The formula populates the entire column, and Power Pivot automatically renames the column to Calculated Column 1.
Double-click on the column label and rename the column Total Revenue.
You can rename any column in the Power Pivot window by double-clicking the column name and entering a new name. Alternatively, you can right-click any column and choose the Rename option.
Each calculated column you create is automatically available in any pivot table connected to the Power Pivot Data Model. You don’t have to take any action to get your calculated columns into the pivot table. Figure 6-2 shows the Total Revenue calculated column in the PivotTable Fields List. These calculated columns can be used just as you would use any other field in the pivot table.
See Chapter 2 for a refresher on how to create a pivot table from Power Pivot.
You often need to change the formatting of Power Pivot columns to appropriately match the data within them. For example, you may want to show numbers as currency, remove decimal places, or display dates in a certain way.
You’re by no means limited to formatting only calculated columns. The following steps can be used to format any column you see in the Power Pivot window:
As with all calculations in Excel, Power Pivot allows you to reference a calculated column as a variable in another calculated column. Figure 6-4 illustrates this concept with a new calculated column named Gross Margin. Notice that on the Formula bar, the calculation is using the [Total Revenue] calculated column that you create earlier in this chapter.

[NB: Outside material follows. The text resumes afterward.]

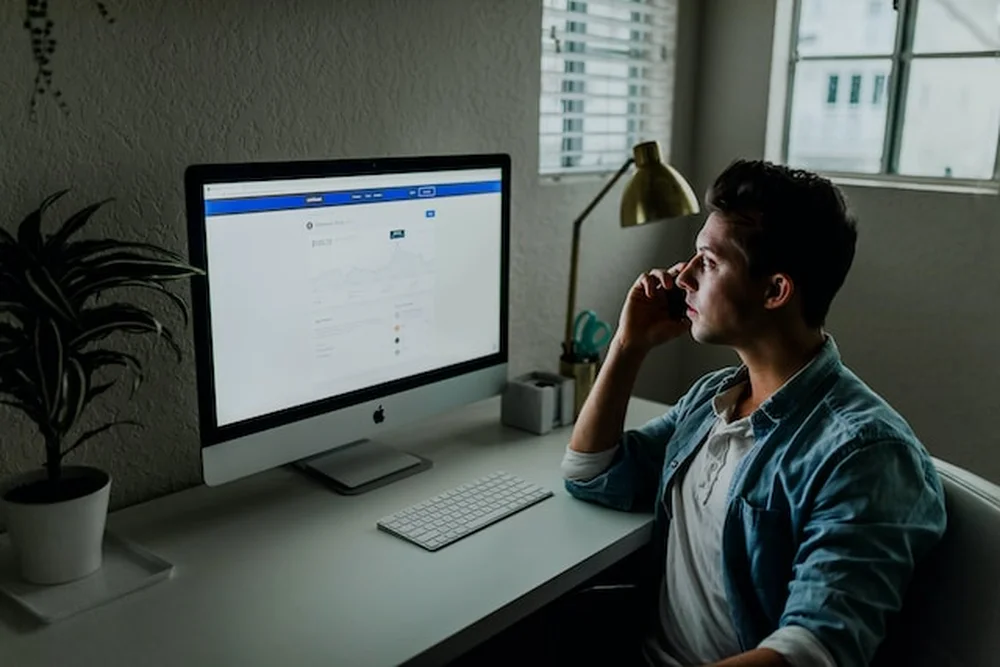 A man sitting in front of a computer talking on his cell phone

Because calculated columns can reference each other, you can imagine creating columns simply as helper columns for other calculations. You may not want your end users to see these columns in your client tools. (In this context, client tools refers to pivot tables, Power View dashboards, and Power Map.)
Similar to hiding columns on an Excel worksheet, Power Pivot allows you to hide any column. (It doesn’t have to be a calculated column.) To hide columns, select the columns you want hidden, right-click the selection, and then choose the Hide from Client Tools option (as shown in Figure 6-5).
Note in Figure 6-6 that Power Pivot recolors columns based on their attributes. Hidden columns are subdued and grayed-out, whereas calculated columns that are not hidden have a darker (black) header.
Data Analysis Expressions, or DAX, is essentially the formula language that Power Pivot uses to perform calculations within its own construct of tables and columns. The DAX formula language comes supplied with its own set of functions. Some of these functions can be used in calculated columns for row-level calculations, and others are designed to be used in calculated measures to aggregate operations.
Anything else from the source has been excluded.